Lawsuits are very much the lifeblood of WiLAN. In fact, in a statement to shareholders in June, the company's chairman and CEO, Jim Skippen, highlighted the company's litigation as a key driving force behind its "record revenues" during its first quarter.

"WiLAN was transformed in the first quarter of fiscal 2011," Skippen said in a statement. "Agreements signed during the quarter with marquee corporations including Intel, Broadcom and Motorola contributed to record revenues during the quarter. The agreements also ended four major litigations which should contribute to a significant reduction in our future litigation expenses."

What's more, Skippen said he believes "that our past investment in litigation could generate a significant return in the future. Our record revenues and earnings in the first quarter signal the beginning of that return to WiLAN and its shareholders."
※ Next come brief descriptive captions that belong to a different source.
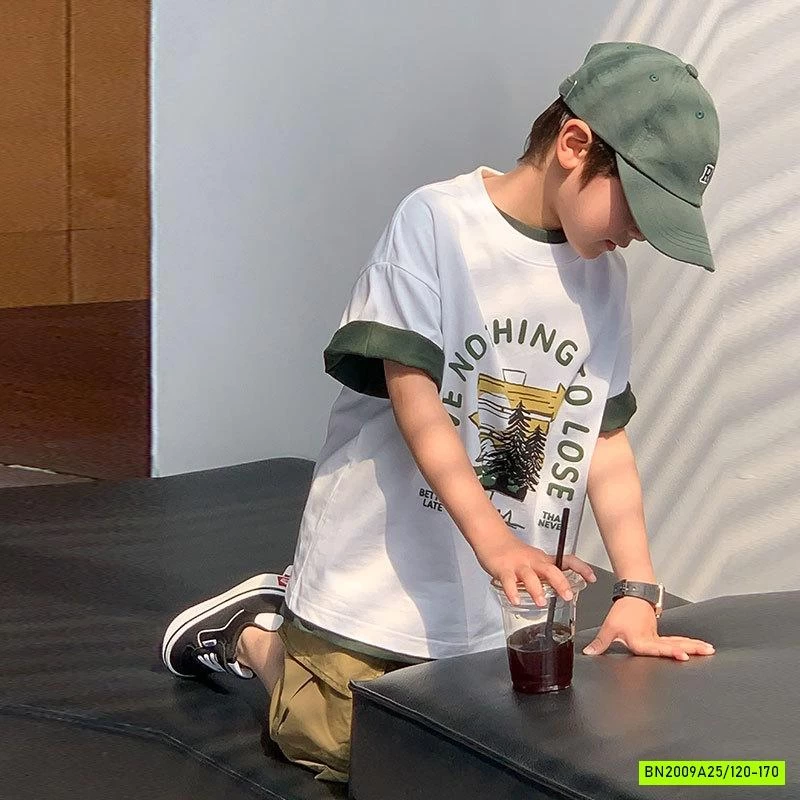 ÁO THUN CỔ TRÒN IN HÌNH SZ ĐẠI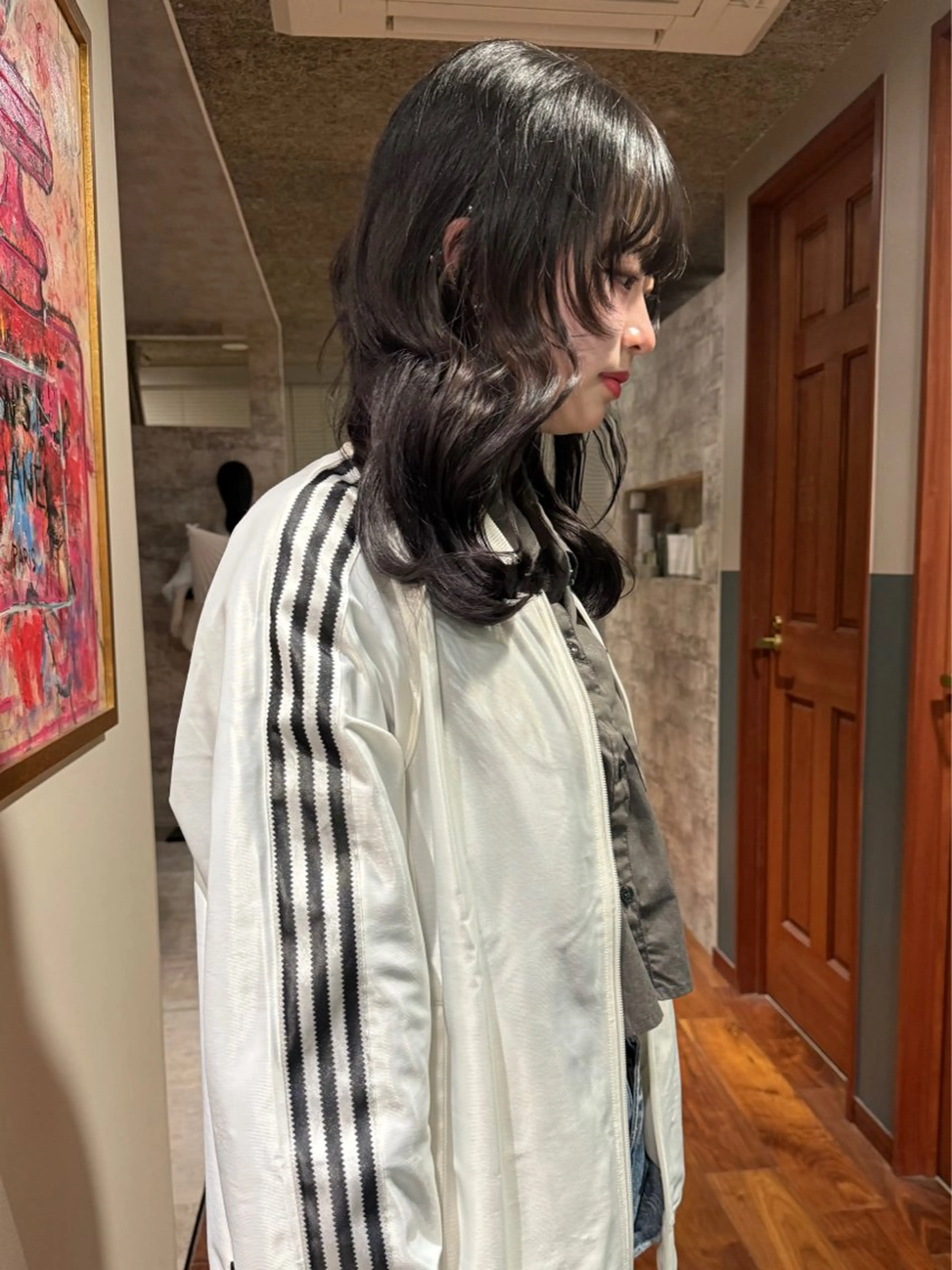 ミディアム カラー カット トリートメント mai / linoah˚✧のヘアスタイル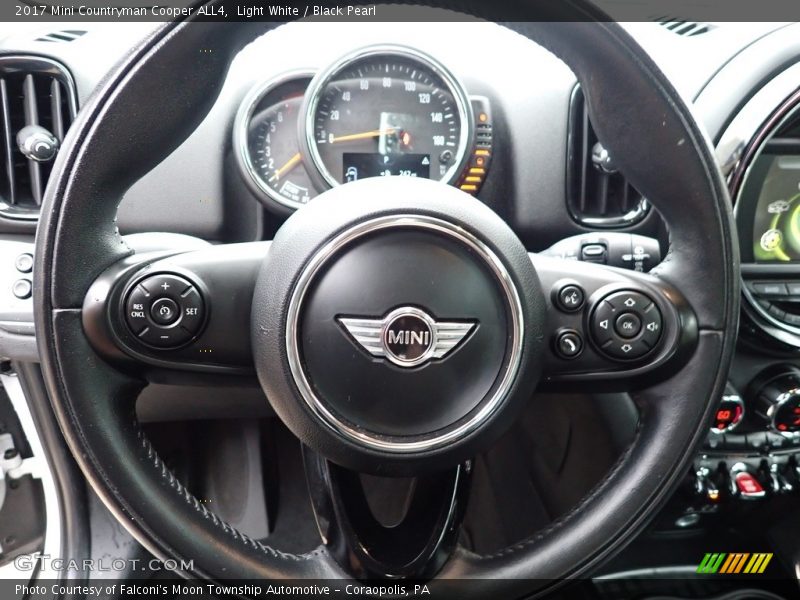 Light White / Black Pearl 2017 Mini Countryman Cooper ALL4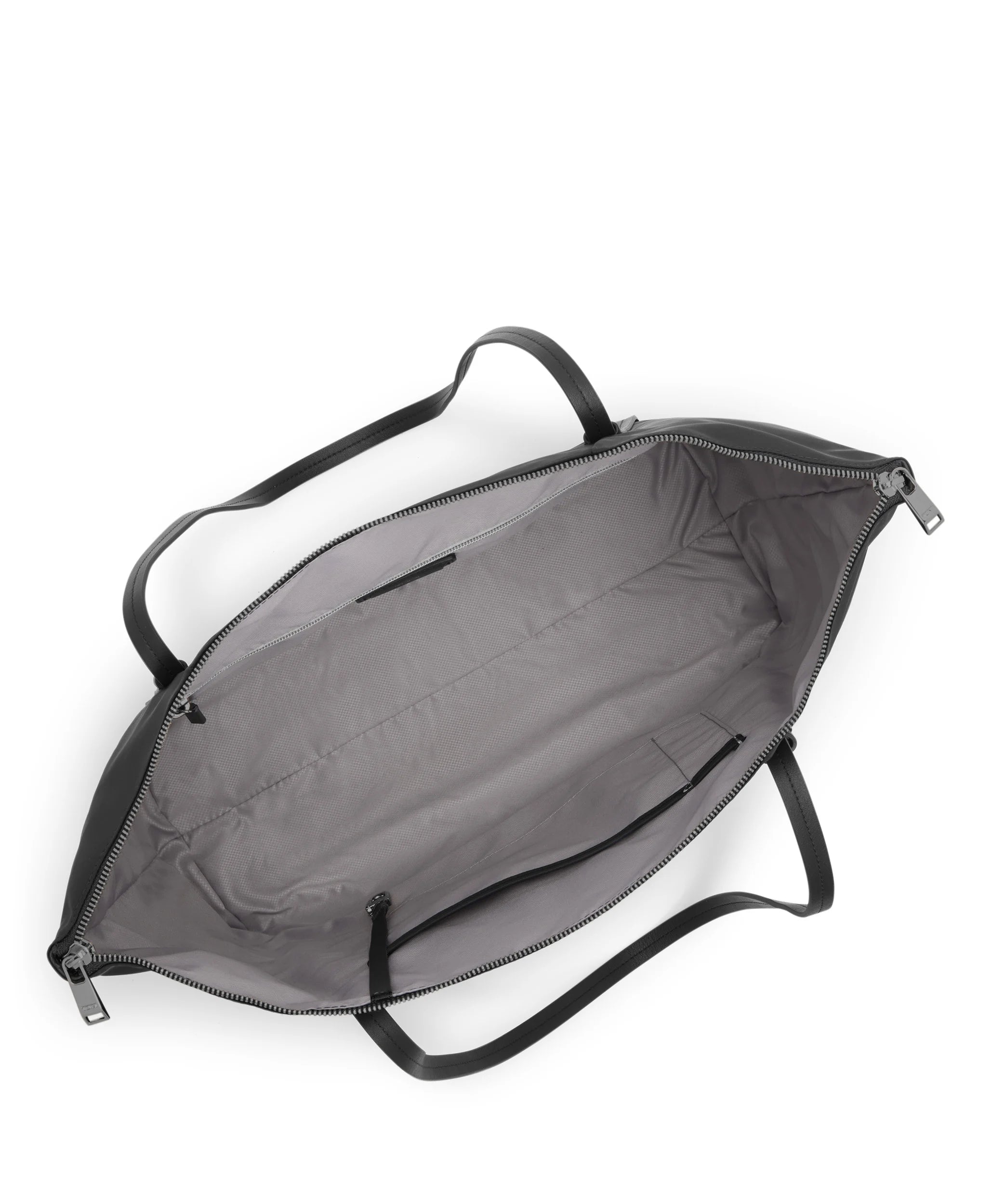 Voyageur Q Tote - Black/Gunmetal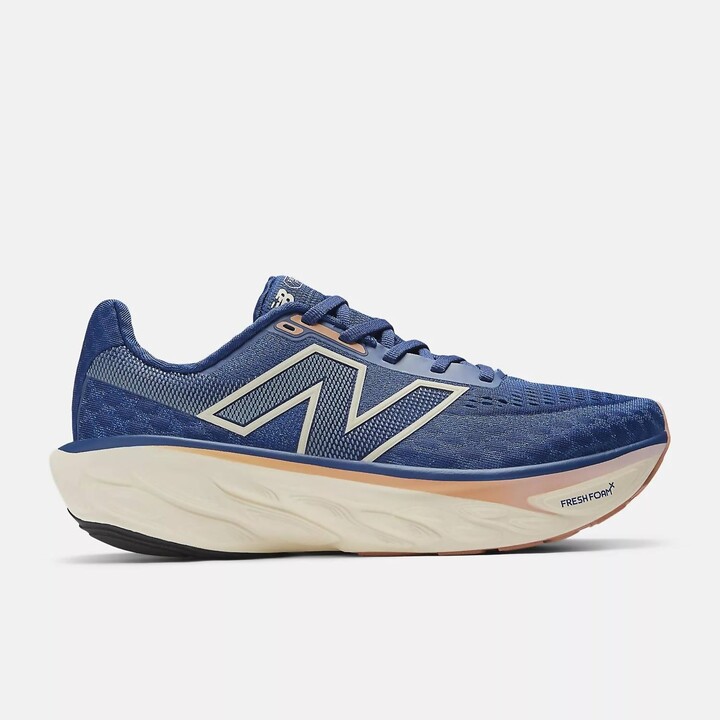 New Balance Women's Fresh Foam X 1080V14 Running Shoes In Blue/beige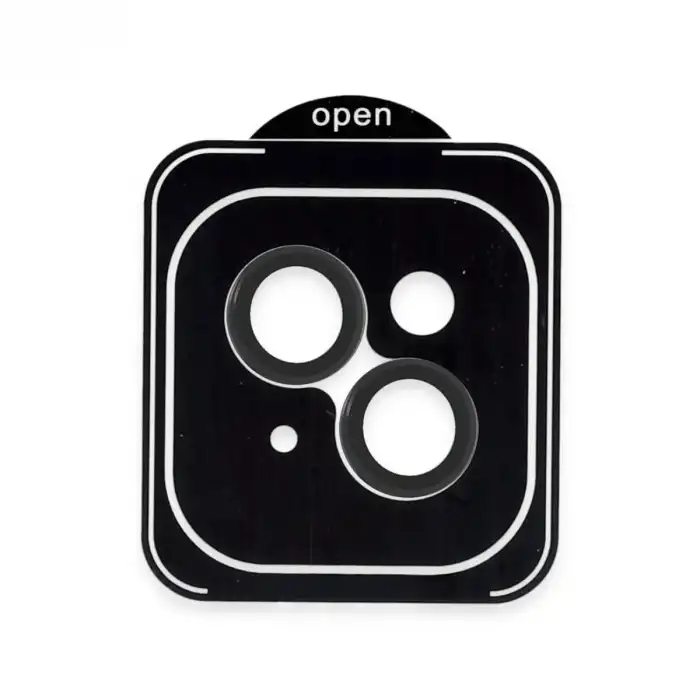 Joko Apple İphone 13 Pvd Metal Kamera Lens - Siyah
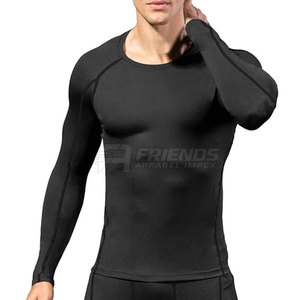 Men <b>Compression</b> <b>Shirt</b> With Stretchable Material Quick Dry Technology And Comfortable Fit For Running And Fitness - Product Image 2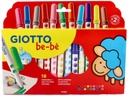 Felt tip Marker, Jambo, Set of 18, Giotto be-bÃ¨
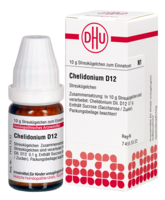 CHELIDONIUM D 12 Globuli - 10g - B - C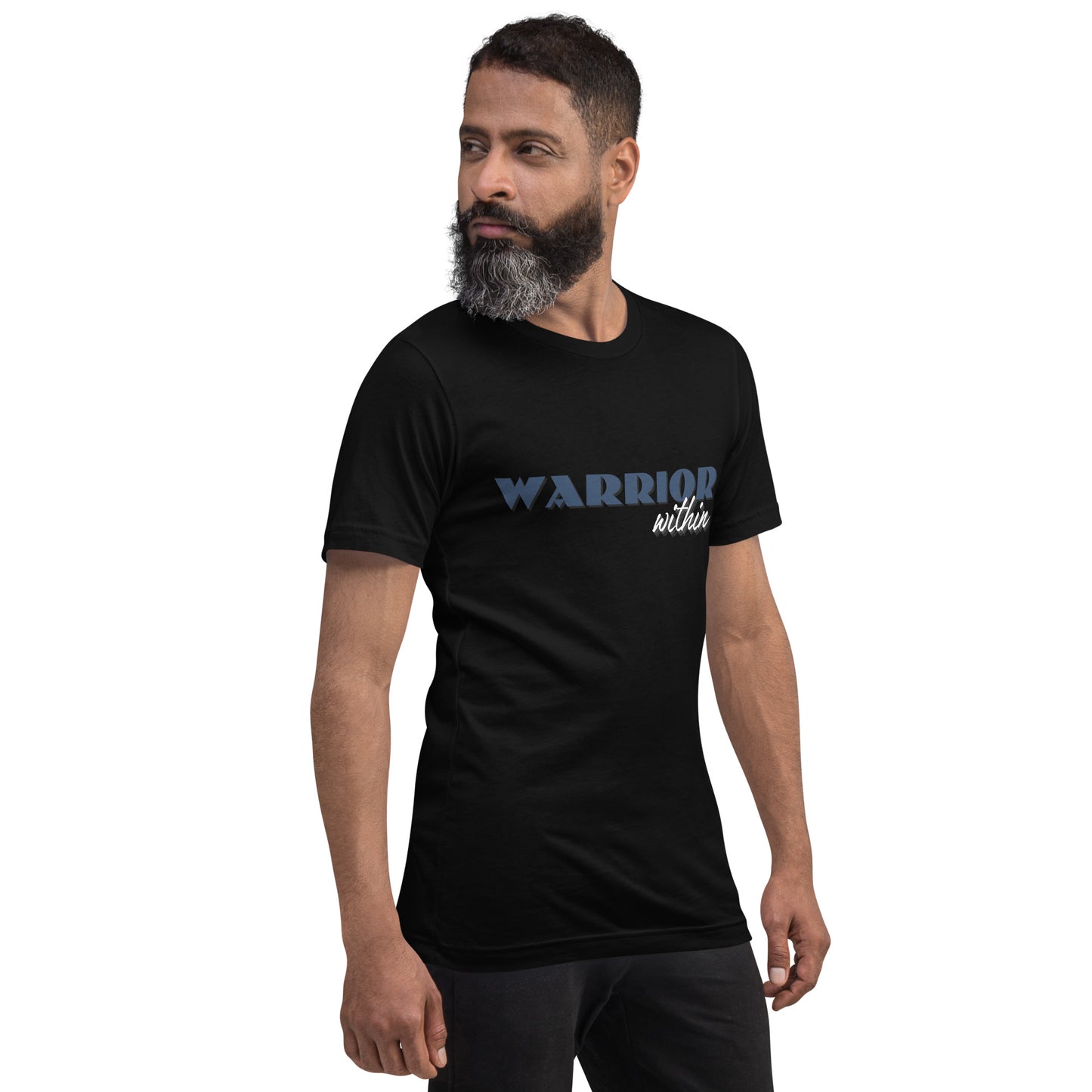 WARRIOR within Unisex cotton graphic t-shirt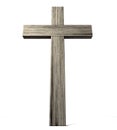 Wooden Crucifix Royalty Free Stock Photo
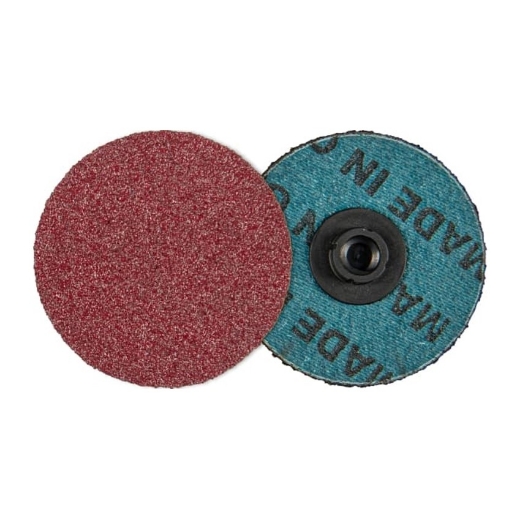 Afbeeldingen van Klingspor QMC 412 Quick-Change schuurschijf voor metaal & non-ferro metaal 50mm, korrel 320 - 295206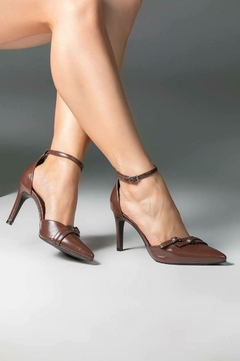 Scarpin Slingback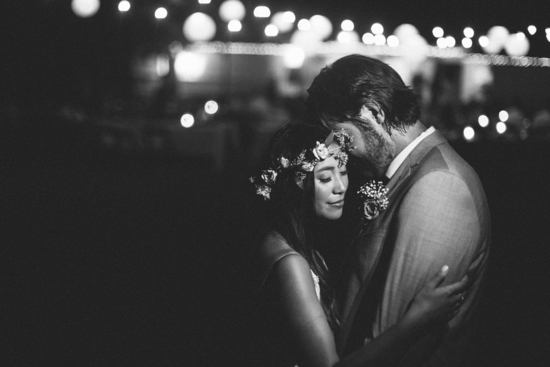 photo of A Perfect Surfer's Paradise DIY Wedding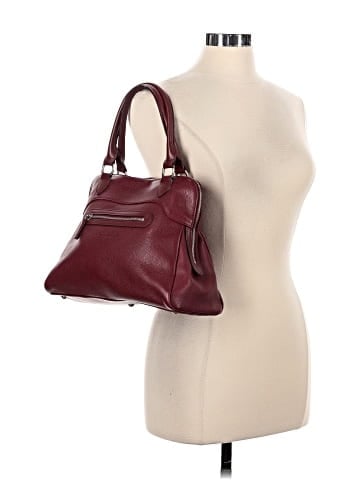 Longchamp Leather Satchel (view 2)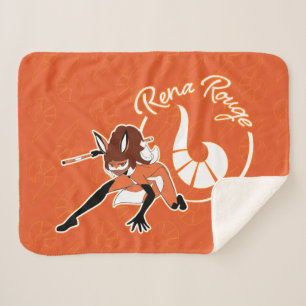 Manta Sherpa Rena Rouge Badge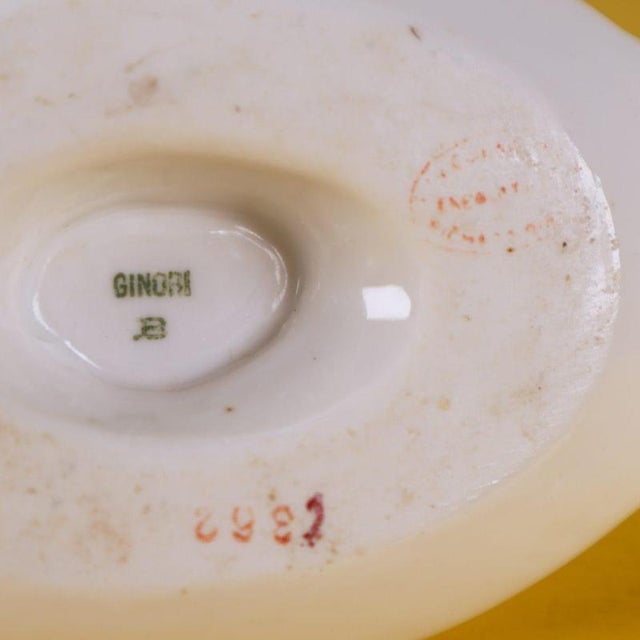 Small Gravy Boat from Ginori, Early 1900s For Sale - Image 7 of 8
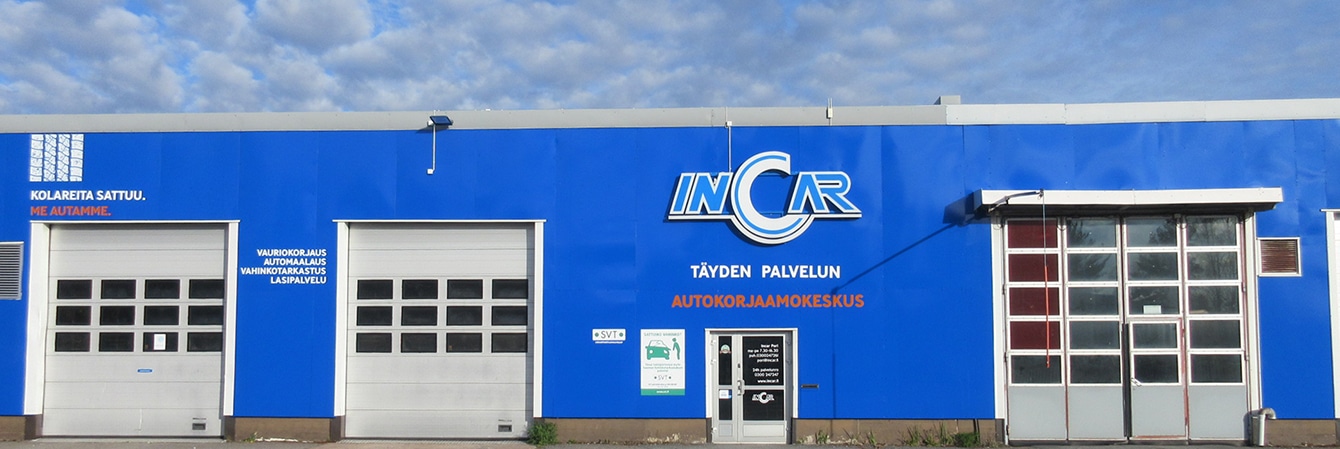 Autokorjaamo InCar Pori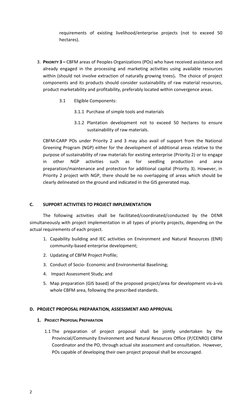CBFM-CARP Project Implementation Guide | PDF | Plant Nursery | Climate ...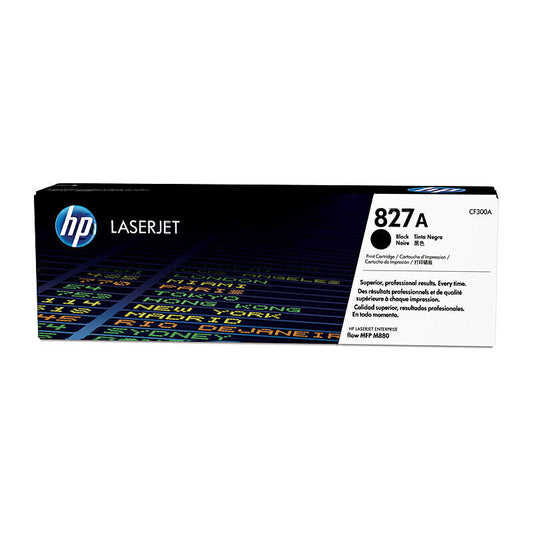 HP #827A Black Toner CF300A 29,500 pages - CF300A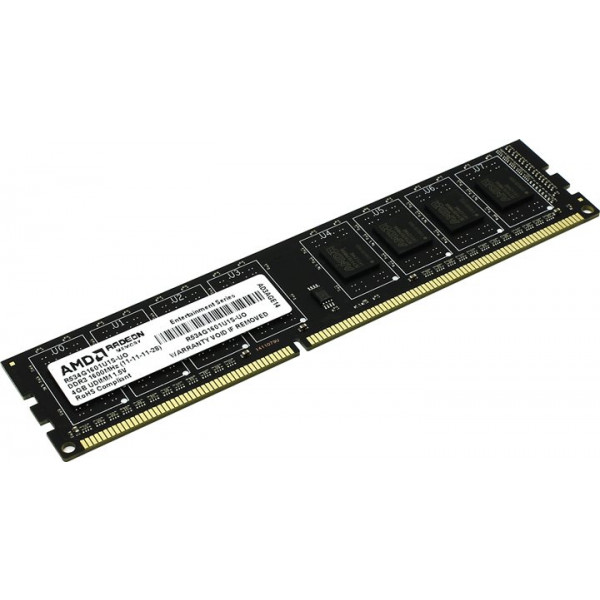 Фото - Память DDR AMD 4Gb DDR3 1600MHz (R534G1601U1S-U)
Speaking of that past litigation, WiLAN has been quite busy over the years. In 2007, the company sued 22 firms, including Apple and Sony, for patent infringement. Last April, it took aim at 18 companies over Bluetooth communications. In November, the company sued Comcast, Time Warner, and Charter Communications for allegedly violating its patents on cable systems and modems.

That suit followed a complaint against LG, Sony Ericsson, and several other companies for their alleged use of WiLAN patents related to mobile communications.

WiLAN's newest lawsuit is just the latest to hit the mobile market. Currently, a host of companies are embroiled in legal battles, including Oracle, Google, Samsung, Apple, and Microsoft. The lawsuits involving those companies relate mostly to Google's Android platform. Oracle, for example, argues that Android violates patents it holds, while Microsoft is targeting several companies, including Barnes & Noble, for their use of Android.

All those lawsuits have been publicly criticized by Google. The company's chief legal officer, David Drummond, recently wrote in a blog post on the company's site that such patent lawsuits only hurt innovation in the mobile space.

"Android's success has yielded...a hostile, organized campaign against Android by Microsoft, Oracle, Apple, and other companies, waged through bogus patents," Drummond wrote in the post . "Patents were meant to encourage innovation, but lately they are being used as a weapon to stop it."

Based on WiLAN's history, it's likely that the company is less concerned about stifling innovation, and more about receiving licensing fees from the companies it's suing.

WiLAN and the contacted defendants in its case have not immediately responded to CNET's request for comment.